Ibuprofen

Description

Ibuprofen Concentrated Drops are formulated as an oral suspension containing 50 mg of ibuprofen per 1.25 mL. This nonsteroidal anti-inflammatory drug (NSAID) serves as a pain reliever and fever reducer, providing relief that lasts up to 8 hours. The product is available in a dye-free and alcohol-free formulation, with a white mix berry flavor for palatability. It is specifically indicated for use in children aged 6 to 23 months. The product is offered in two sizes: 1/2 FL OZ (15 mL) and 1/2 FL OZ (30 mL), with an additional grape-flavored option.

Uses and Indications

This drug is indicated for the reduction of fever and the relief of minor aches and pains associated with conditions such as the common cold, influenza, headaches, and toothaches.

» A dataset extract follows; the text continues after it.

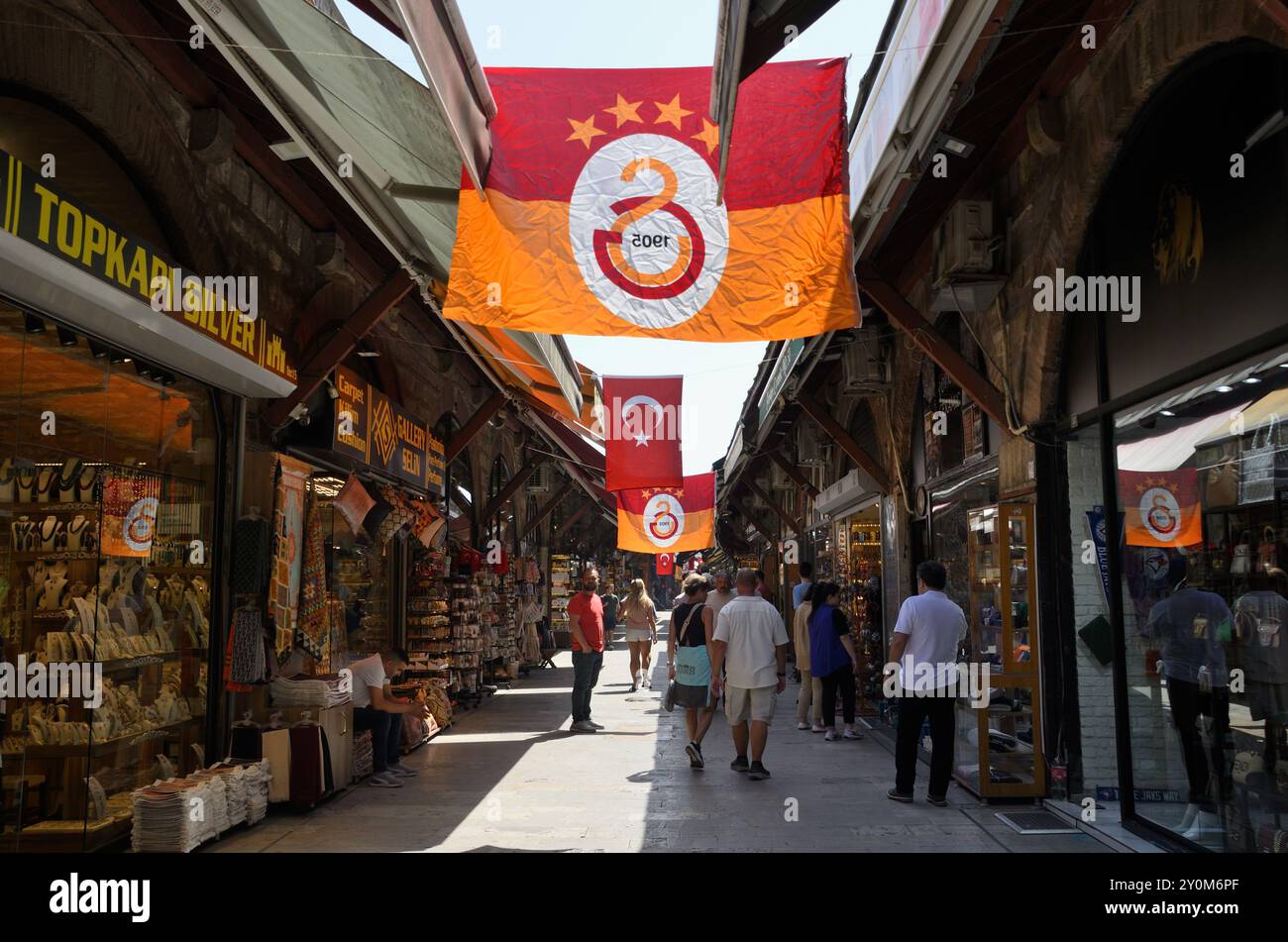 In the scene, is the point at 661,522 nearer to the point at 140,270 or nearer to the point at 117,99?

There are no teratogenic or nonteratogenic effects associated with this drug.

Dosage and Administration

Healthcare professionals should ensure that the product is administered according to the following guidelines. Prior to use, the product must be shaken well. Dosing should be determined using the provided dosing chart, with weight being the preferred method for dosage calculation; if weight is not available, age may be used as an alternative.

For infants under 6 months of age, it is advised to consult a physician before administration. For infants weighing between 12 to 17 pounds (6 to 11 months of age), the recommended dose is 1.25 mL. For those weighing between 18 to 23 pounds (12 to 23 months of age), the recommended dose is 1.875 mL.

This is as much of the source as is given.